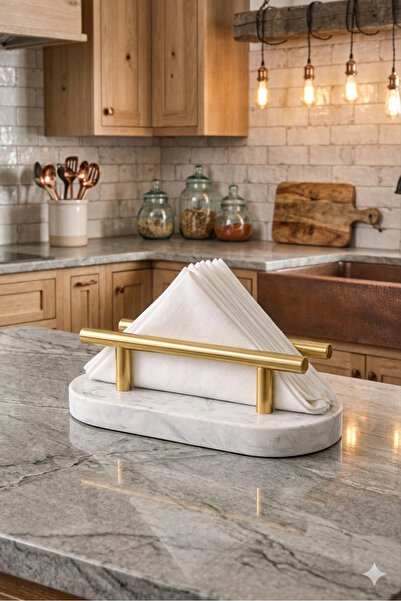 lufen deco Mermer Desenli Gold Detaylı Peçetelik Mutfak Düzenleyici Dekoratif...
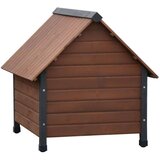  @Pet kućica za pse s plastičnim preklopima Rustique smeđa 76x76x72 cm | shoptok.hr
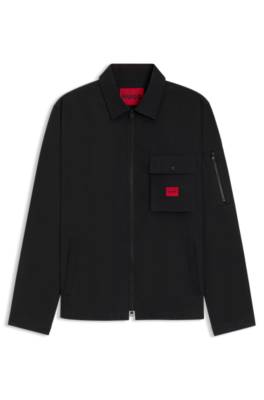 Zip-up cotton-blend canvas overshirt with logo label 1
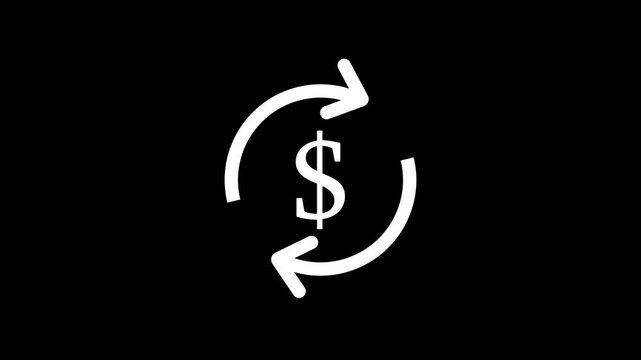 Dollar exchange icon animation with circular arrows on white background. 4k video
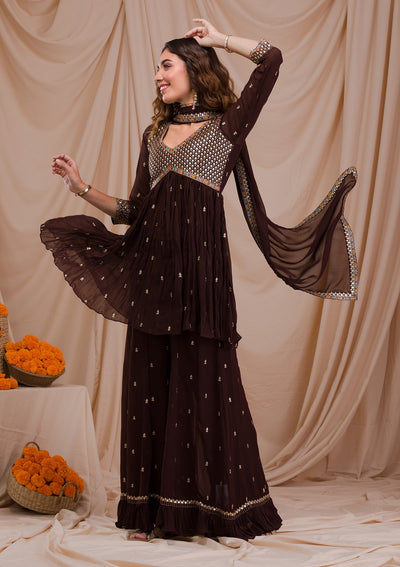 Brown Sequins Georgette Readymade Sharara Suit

::::

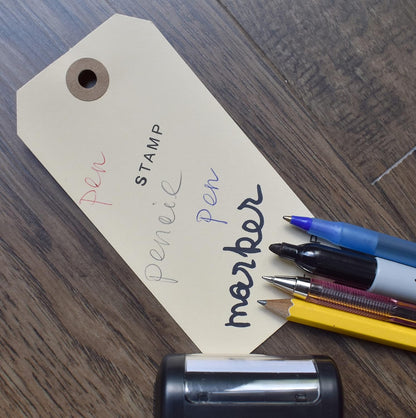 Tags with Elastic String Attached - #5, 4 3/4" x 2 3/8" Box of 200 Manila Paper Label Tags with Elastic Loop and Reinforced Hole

::::

Give again the stretch of lines above from the one with "lufen deco Mermer" through the one with "Brown Sequins Georgette", both ends kept, and copy no pictures.

 lufen deco Mermer Desenli Gold Detaylı Peçetelik Mutfak Düzenleyici Dekoratif...
  @Pet kućica za pse s plastičnim preklopima Rustique smeđa 76x76x72 cm | shoptok.hr
 Zip-up cotton-blend canvas overshirt with logo label 1
 Dollar exchange icon animation with circular arrows on white background. 4k video
 Brown Sequins Georgette Readymade Sharara Suit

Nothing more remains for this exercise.